Task directions – Transcribe the following records exactly, images excluded.

··········

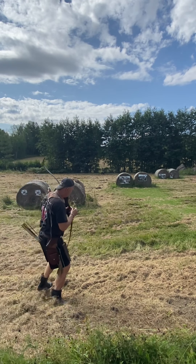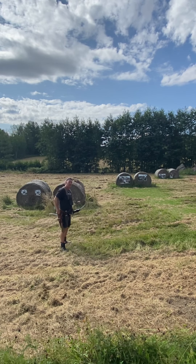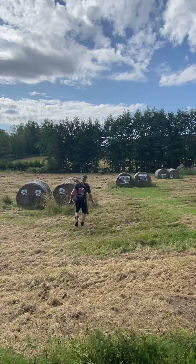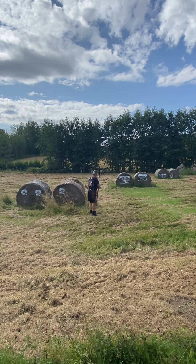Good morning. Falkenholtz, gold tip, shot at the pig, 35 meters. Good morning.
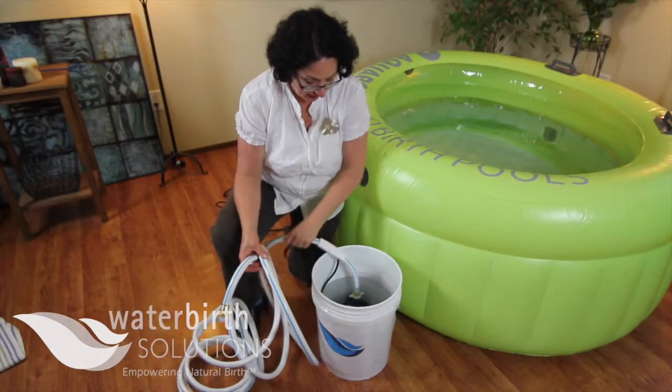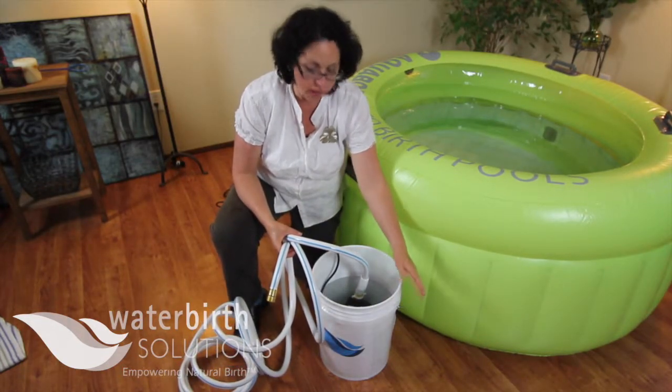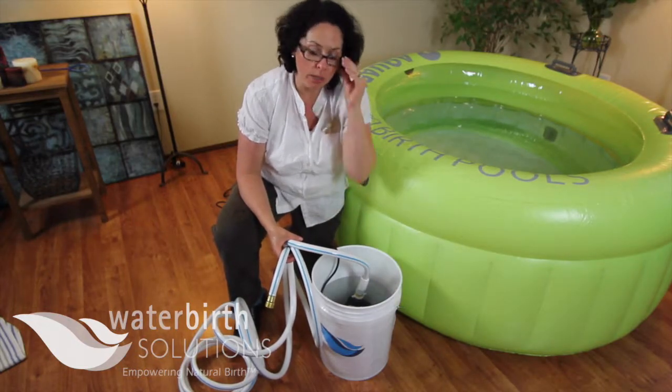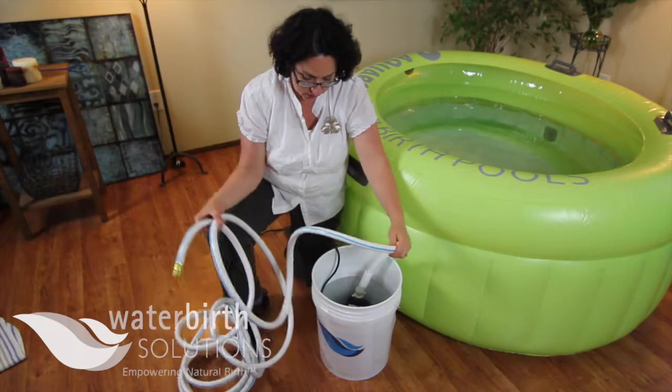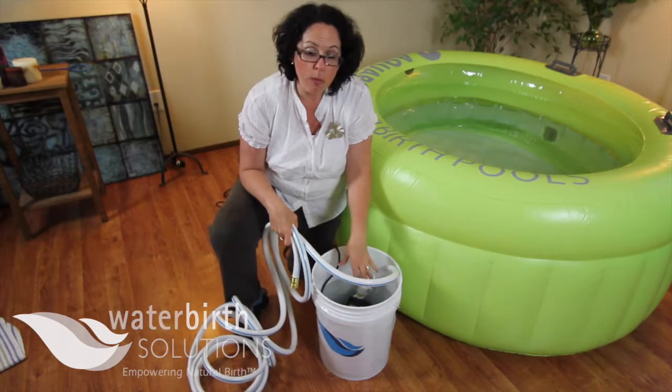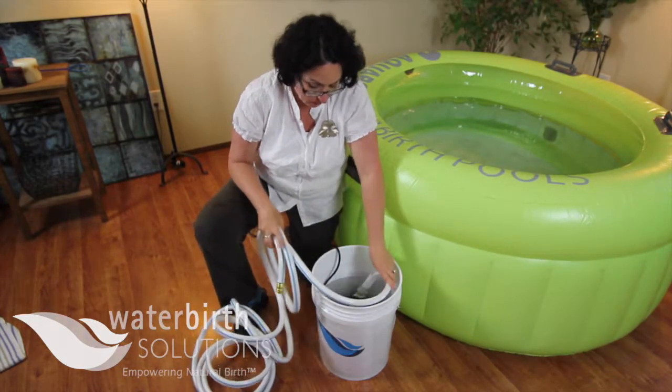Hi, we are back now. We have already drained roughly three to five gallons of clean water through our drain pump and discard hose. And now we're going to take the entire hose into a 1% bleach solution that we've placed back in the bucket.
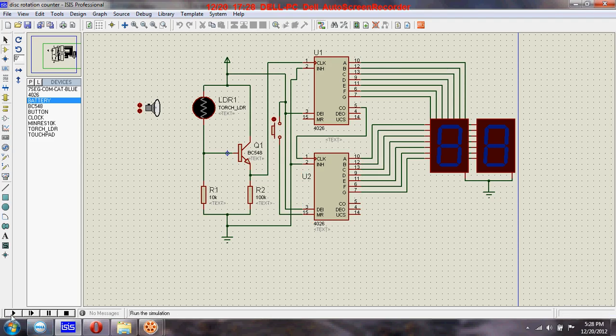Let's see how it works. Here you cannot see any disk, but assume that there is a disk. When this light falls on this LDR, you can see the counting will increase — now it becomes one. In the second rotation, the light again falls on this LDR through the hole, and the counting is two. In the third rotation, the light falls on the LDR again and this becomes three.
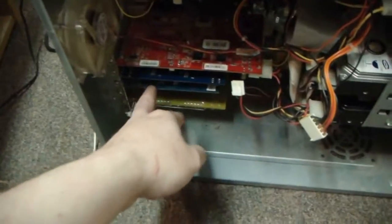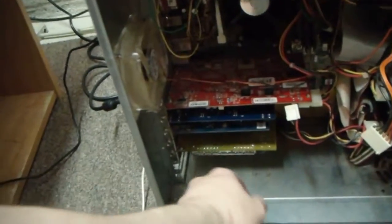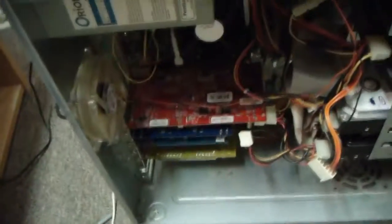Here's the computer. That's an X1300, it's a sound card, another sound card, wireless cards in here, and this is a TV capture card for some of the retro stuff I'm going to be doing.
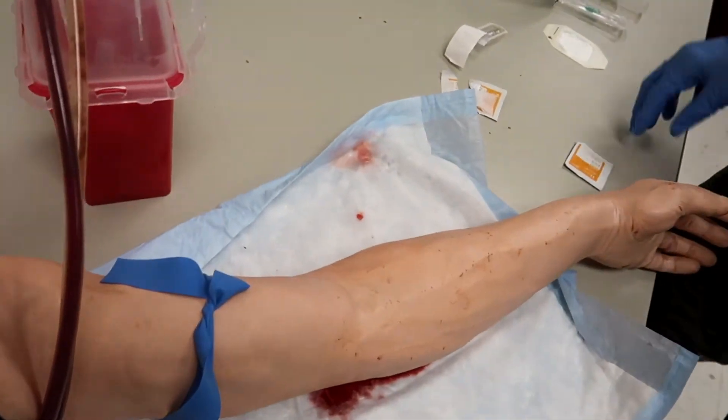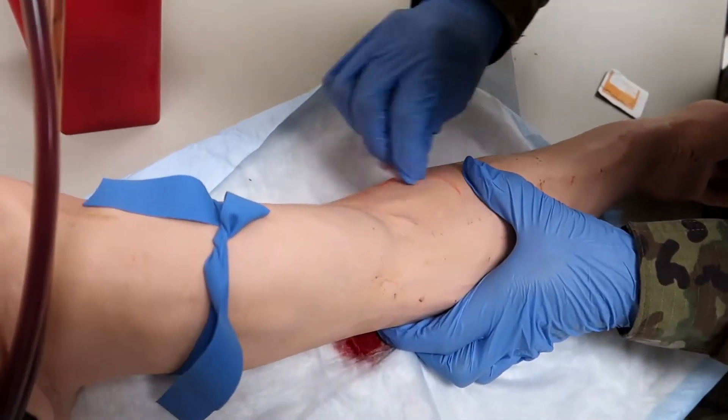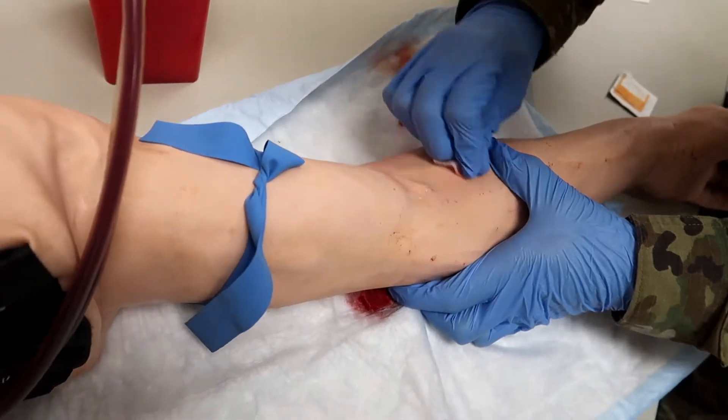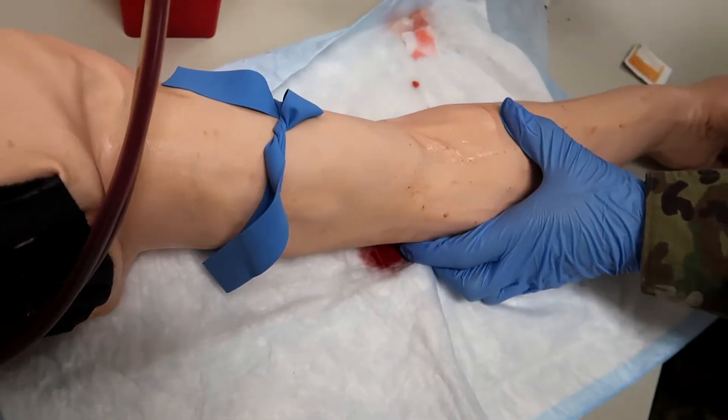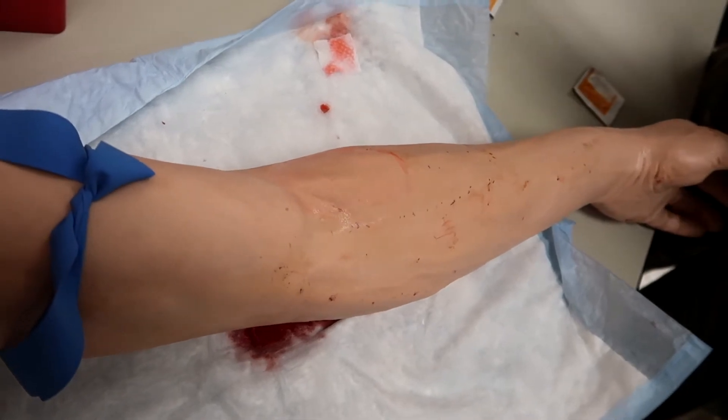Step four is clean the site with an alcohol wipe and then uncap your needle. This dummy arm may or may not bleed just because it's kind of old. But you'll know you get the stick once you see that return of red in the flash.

··········

Response for this exercise –
Good morning. Falkenholtz, gold tip, shot at the pig, 35 meters. Good morning.
Hi, we are back now. We have already drained roughly three to five gallons of clean water through our drain pump and discard hose. And now we're going to take the entire hose into a 1% bleach solution that we've placed back in the bucket.
Let's see how it works. Here you cannot see any disk, but assume that there is a disk. When this light falls on this LDR, you can see the counting will increase — now it becomes one. In the second rotation, the light again falls on this LDR through the hole, and the counting is two. In the third rotation, the light falls on the LDR again and this becomes three.
Here's the computer. That's an X1300, it's a sound card, another sound card, wireless cards in here, and this is a TV capture card for some of the retro stuff I'm going to be doing.
Step four is clean the site with an alcohol wipe and then uncap your needle. This dummy arm may or may not bleed just because it's kind of old. But you'll know you get the stick once you see that return of red in the flash.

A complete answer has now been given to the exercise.